—Beatito, Beatito, ¿te das cuenta lo que dices? —gimió Joáo Grande—. ¿Te das cuenta lo que pides? ¿Quieres de veras que botemos las armas, que vayamos con las manos en la cabeza a rendirnos a los masones? ¿Eso quieres, Beatito?
—Tú no —dijo la voz que parecía siempre rezando—. Los inocentes. Los párvulos, las
que van a parir, los ancianos. Que tengan la vida salva, no puedes decidir por ellos. Si no los dejas salvarse, es como si los mataras. Vas a cargar con esa culpa, vas a echar sangre inocente sobre tu cabeza, Joáo Grande. Es un crimen contra el cielo permitir que los inocentes mueran. Ellos no pueden defenderse, Joáo Grande.
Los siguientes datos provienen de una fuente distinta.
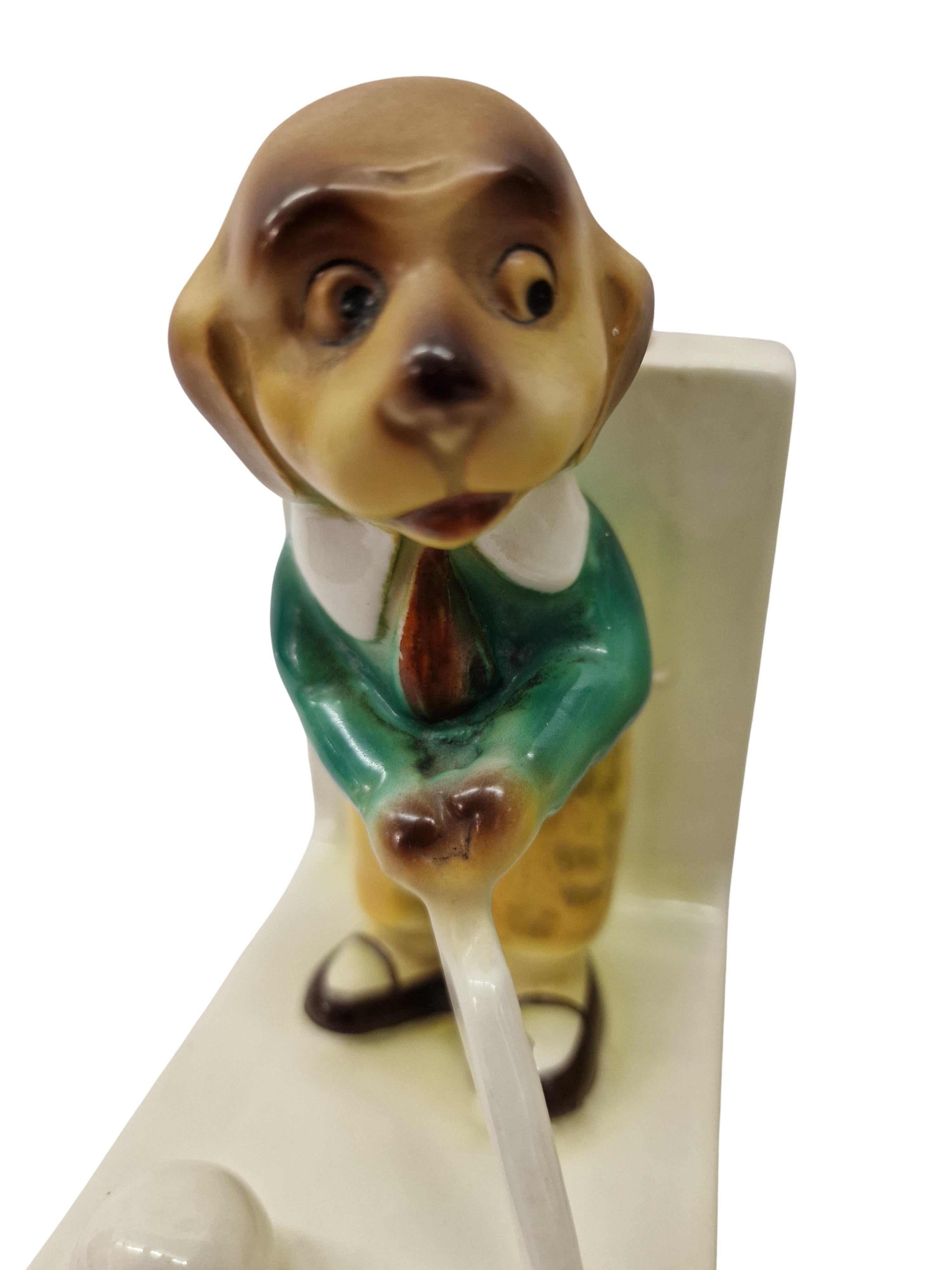 Bookends pair of cricket-playing dogs, porcelain, Art Deco, before 1923, England 4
—Dijo que el Consejero hablaba por su boca —añadió Antonio el Fogueteiro—. Que lo había inspirado, que le mandó salvarlos. —¿Y Joáo Abade? —preguntó Antonio Vilanova.
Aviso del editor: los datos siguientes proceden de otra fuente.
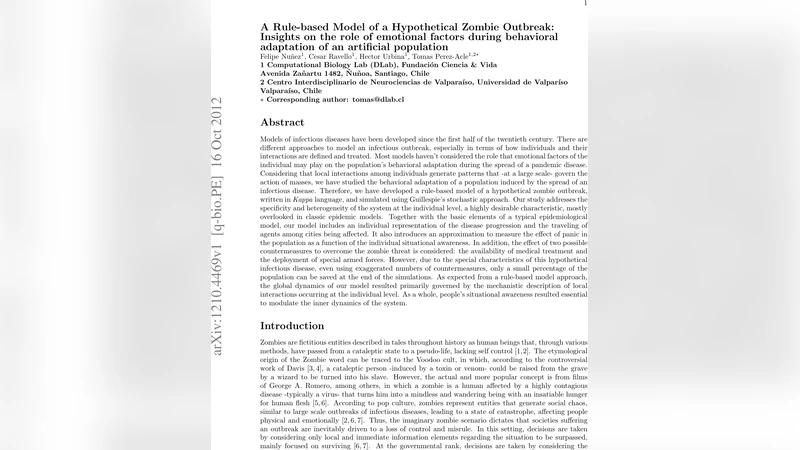 A Rule-based Model of a Hypothetical Zombie Outbreak: Insights on the   role of emotional factors during behavioral adaptation of an artificial   population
—No estaba allí —explicó el Fogueteiro—. El Beatito volvió a Belo Monte por la barrera de la Madre Iglesia. Él estaba en San Eloy. Le avisaron, pero se demoró en venir. Estaba reforzando esa barrera, que era la más débil. Cuando vino, habían empezado a irse detrás del Beatito. Mujeres, niños, viejos, enfermos arrastrándose. —¿Y nadie los contuvo? —preguntó Antonio Vilanova.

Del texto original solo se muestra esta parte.